La solita storia all’italiana. Chissà se questi parlamentari si siano mai chiesti, in attesa che questo vuoto normativo venga colmato, cosa ne sarà delle tante vittime lasciate sole, in balia di se stesse, di vite spezzate impossibili da ricomporre, cosa ne sarà del loro isolamento, del loro essere condannate dalla gente, specie in piccoli centri in cui tutti si conoscono, impossibilitate a tornare a vivere con quel macigno diffamatorio pronto ad etichettarle, perché in fondo, viviamo in una società prettamente maschilista e bieca.

E chissà, se come spesso succede, dovremmo assistere all’ennesimo suicidio per continuare a dire: “si poteva fare”, “bisognava intervenire subito”…

Parole, parole dette senza pensarle, parole pronunciate per illudere il popolo che stanno dalla parte della gente. E i fatti, i fatti dove sono?

Perché dietro l’ennesima morte annunciata le loro coscienze dovrebbero accartocciarsi per sempre come carta sul fuoco.

Però, loro non sanno che il vuoto normativo è una minima cosa di fronte al vuoto delle loro anime.

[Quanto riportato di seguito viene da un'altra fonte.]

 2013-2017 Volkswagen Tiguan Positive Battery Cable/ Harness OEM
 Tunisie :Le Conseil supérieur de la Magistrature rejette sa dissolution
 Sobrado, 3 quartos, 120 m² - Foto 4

Aspettiamo la prossima tragedia, conosciamo già tutti i discorsi che verranno fatti, le menzogne che ci verranno raccontate, e noi, noi speriamo solo di poter sensibilizzare la gente, le persone sul valore della vita.

Sarà  forse difficile ma non impossibile educarli a non giocare con il dolore e le vite altrui.

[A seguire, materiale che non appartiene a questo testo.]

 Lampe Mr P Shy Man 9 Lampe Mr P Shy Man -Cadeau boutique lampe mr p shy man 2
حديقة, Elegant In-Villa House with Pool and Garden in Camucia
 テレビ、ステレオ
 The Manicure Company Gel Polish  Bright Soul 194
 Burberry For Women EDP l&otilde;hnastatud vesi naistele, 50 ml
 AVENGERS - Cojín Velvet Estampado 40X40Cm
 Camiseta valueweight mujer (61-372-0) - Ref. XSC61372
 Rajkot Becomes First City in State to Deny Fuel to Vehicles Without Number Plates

Ci si può provare con la speranza di chi crede che ci possa essere un futuro migliore.

Però, quando si commette un reato e si è certi dell’assenza della pena, la popolazione sarà sempre incentivata a ripetere quel reato, e altri ancora perché in fondo non si diventa onesti e responsabili per un dono insito in se stessi quanto per la paura di essere scoperti ed arrestati.

Siamo un popolo senza senso civico e morale.

Ditelo voi alle vittime che nulla è stato fatto e nulla verrà mai fatto per difenderle.

Raccontatevi voi la verità che più vi aggrada.

Io sento dentro ogni lacerante brusio del cuore, il dolore, la vergogna e quei voli nel vuoto per far cessare questo mondo malato che gira attorno a loro.

Io sento il boato di un tuffo sull’asfalto e questo, questo mi fa inorridire.

Se solo voi sentiste ciò che sento io, vivremmo tutti in un mondo migliore.

Che quel tonfo sull’asfalto e quell’urlo che sancisce la fine della vita, sia ogni notte l’immagine e il suono che possa accompagnare le notti di ogni singolo responsabile.

E per chi mi taccerà di cattiveria dirò che non voglio un briciolo della loro finta bontà.